NASA Is Sending an Atomic Clock Into Deep Space (3 minute read)
SpaceX plans to launch its Falcon Heavy Rocket for the third time on June 22 at the Kennedy Space Center. Included in the cargo for this flight is the Deep Space Atomic Clock, a toaster-sized device designed to make future space missions easier and less expensive. Atomic clocks are used by satellites to help pinpoint exact locations, both in Earth and Space, due to their ability to accurately measure the travel time of radio signals. Using the exact times it takes for radio signals to be sent and received, calculations can be made about the location of an object or device.
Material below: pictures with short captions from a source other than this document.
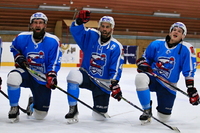 HC Bystřice n. P. - HC Světlá n. S. 0:7 (19.10.202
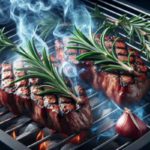 Best Herbs for Grilling: Top Picks for Australian BBQs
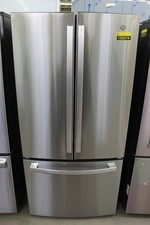 Gne25jykfs stainless 24.7 for sale  Hartland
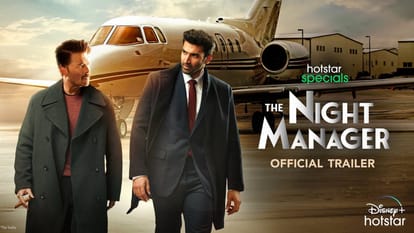Aditya Roy Kapoor video call of Tom Hiddleston Marvel Actor Praises him for The Night Manager Anil Kapoor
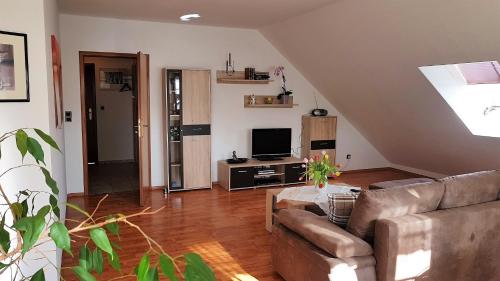 Ferienwohnung Raithel in Schwarzenbach an der Saale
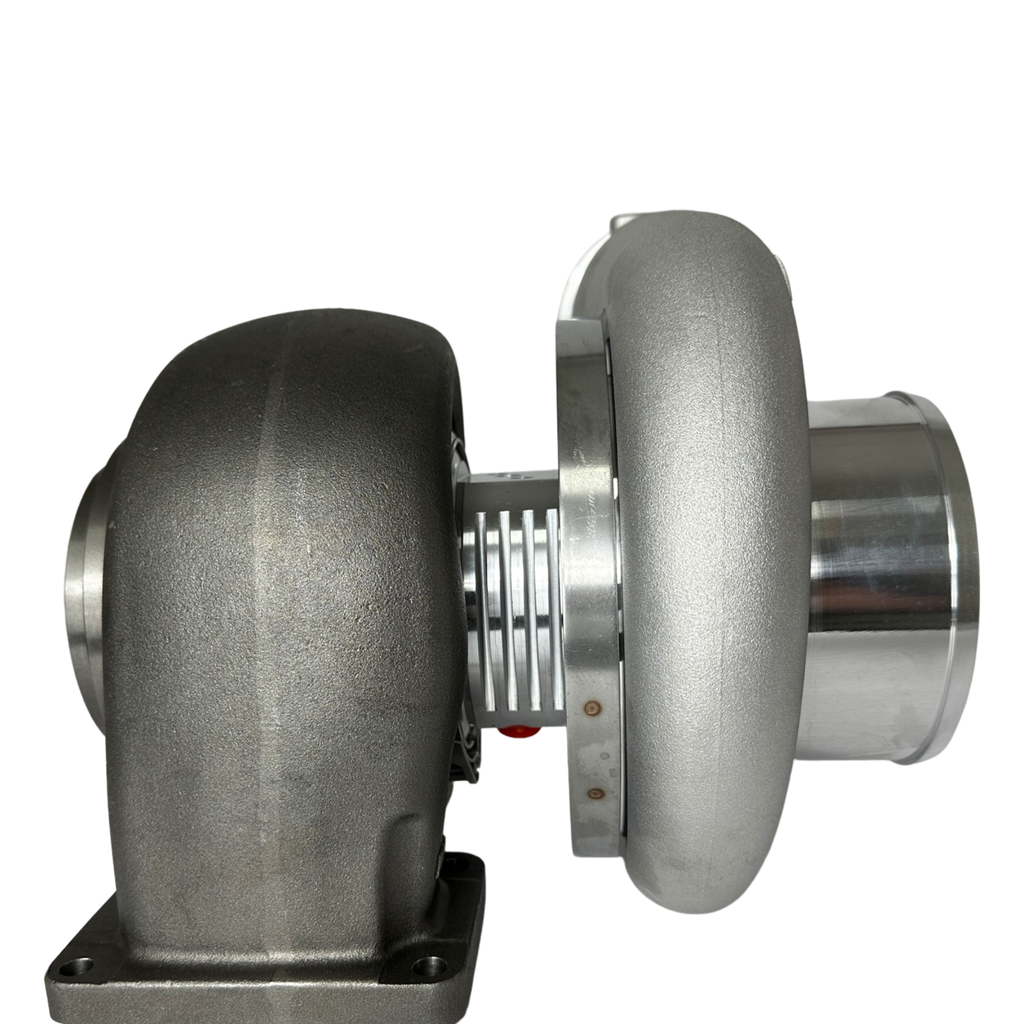 S91102B Turbocharger 91mm turbo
The DSAC’s mercury ion-based design allows it to tell time more accurately than existing atomic clocks and its location in space will allow spaceships to receive data faster.
AI deepfakes are now as simple as typing whatever you want your subject to say (3 minute read)
Students at Stanford University used a combination of techniques to create software that allows users to edit a text transcript of a video to generate realistic deepfake edits. The software matches the sounds made by the actor in the video with facial expressions, and this information is used to create a 3D model of the lower half of the face. The software then changes the 3D model of the face based on the edited text transcript and then pastes it into the target video. Changes in expression, emotional content, and visual interruptions, such as a hand obstructing a clear view of the face, heavily affect the believability of the deepfakes. The development of this software is an indicator that deepfake technology is becoming increasingly accessible. Deepfakes could significantly impact our ability to trust the media we see. A nine minute video is available that demonstrates and explains the software.
Programming, Design & Data Science
about SwiftUI (GitHub Repo)
There are many docs, examples, videos, and tutorials on SwiftUI and this repository aims to gather all of the material to create a central source of information for SwiftUI. SwiftUI allows developers to easily build user interfaces across all of Apple’s devices using a simple set of tools and APIs. Developers are welcome to contribute to the list.
Stein (GitHub Repo)
Stein connects to Google Sheets to create an API service. Developers can quickly deploy projects using familiar tools, such as Google Forms and Google Sheets. Stein offers a hosted service, but developers can easily copy to code from the repository and host their own Stein API service if desired. Once the API is set up, developers can easily read, search for, and update data hosted on Google Sheets.
CBP says traveler photos and license plate images stolen in data breach (2 minute read)
The US Customs and Border Protection agency has confirmed that photos of travelers and vehicles passing through US borders have been stolen in a data breach. A subcontractor had copied the images directly to their private network, and the data was later obtained by a third party via a malicious cyber attack. The subcontractor, who has not been identified, is now having their other CBP-related work reviewed. According to the CBP, its networks remain secure. Less than 100,000 people were affected by the data breach, and no passport or travel document information was stolen. It is unclear whether the stolen data came from the CBP’s new facial recognition initiatives or from standard data collection procedures.